It should be mentioned that in the case of undirected graphs, we can distinguished only two kinds of edges: edges belonging to the depth-first forest and those which don't belong to it. Let us see Figure. A.1: (a) represents the steps of the DFS, where each vertex u is labeled by its d[u]/d[f], and (b) represents the depth-first forest (bold arrows) and the classification of arcs.

The complexity of Algorithm 5 is in O(n + m). This algorithm can serve to enumerate a basis of cycles and paths of G. In addition, in the case of graph without cycles, one can establish the topological sort by exploiting the values of f. Furthermore, the DFS allows a cycle detection and it can be used to enumerate the strongly connected components of a graph ....

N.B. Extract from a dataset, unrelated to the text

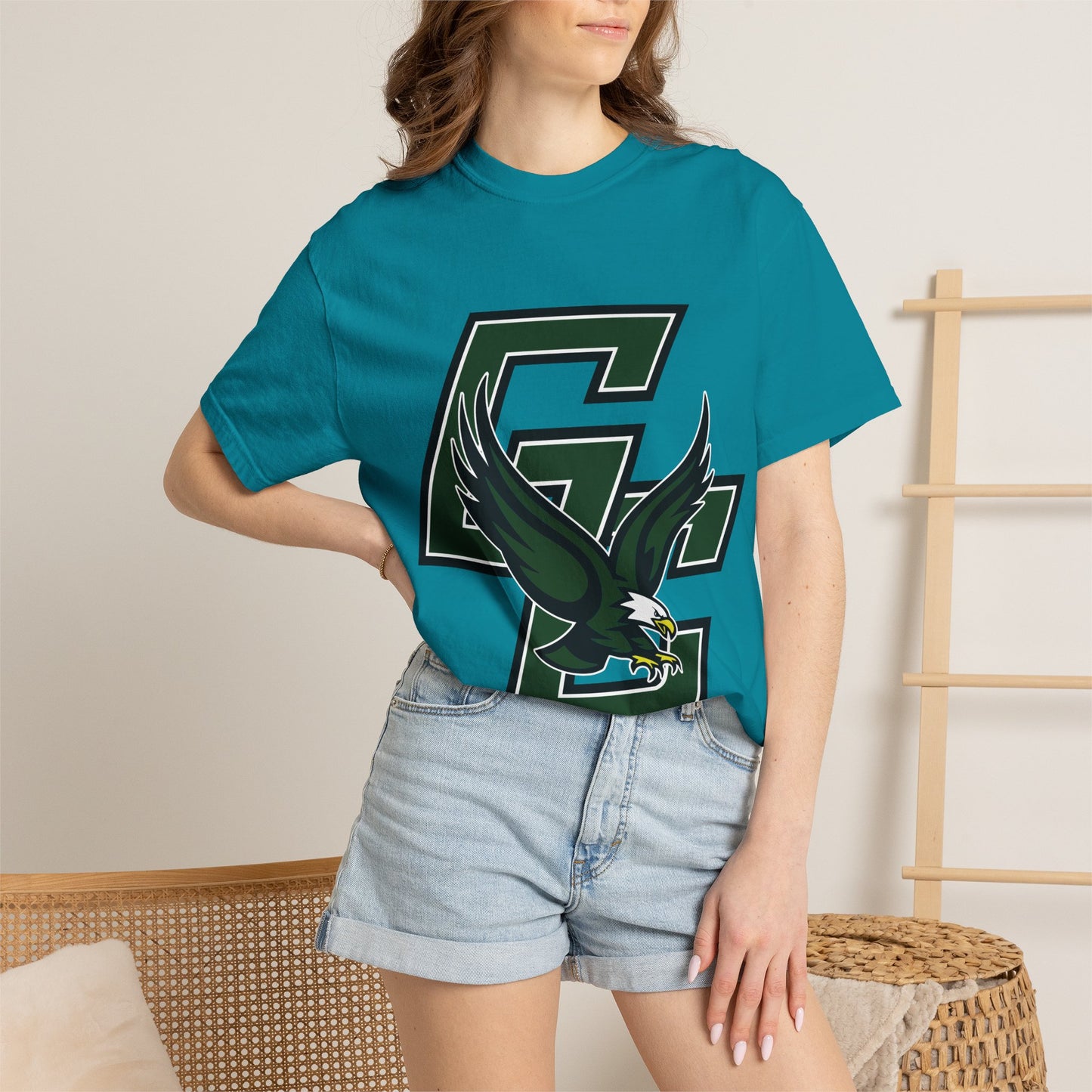 Garment-Dyed T-Shirt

Figure A.1: DFS Properties

## A.2 Maximal-weight Paths

In the problem of finding paths of maximal weights <sup>32</sup> (for brevity we use longest-paths) in a graph [30] we are given a directed graph G = (V, E, w), where V is a set of n vertices and E a set of arcs with a weight function  $w : E \to \mathcal{Z}$  which affects each arc (i, j) by a real value –weight–w(i, j). The weight of path  $P = [v_0, v_1, \ldots, v_k)$  is the sum of the weights of its constituent edges:  $w(P) = \sum_{i=1}^{k} w(v_{i-1}, v_i)$ . We define the path of maximal weight from u to v by:

$$\Delta(u,v) = \begin{cases} \max_p w(p) : u \stackrel{p}{\leadsto} v & \text{if there are paths from } u \text{ to } v \\ +\infty & else \end{cases}$$

In the literature, we can distinguished two kinds of algorithms resolving this problem according to what we consider: 1/ searching paths of maximal weight from a given vertex s -called source- to all the others, the problem is called "Single-source longest-paths problem" or 2/ searching paths of maximal weights from u to v for every pair of vertices u and v, the problem is called "All-pairs longest-paths problem".

#### A.2.1 Relaxation Technique

First, let us explain the relaxation technique that is used in both algorithms, described in what follow, which finds paths of maximal weight from a given source s to all the others.

In this technique, for each vertex  $v \in V$ , we maintain an attribute d[v], which is an upper bound on the weight of a longest-path from source s to v. We call d[v] the "estimate of the path of maximal weight". We initialize the estimate paths of maximal weight by  $d[v] = -\infty$  for each v. We define  $\pi(v)$  the predecessor of vertex v for which d[v] has been updated for the last time.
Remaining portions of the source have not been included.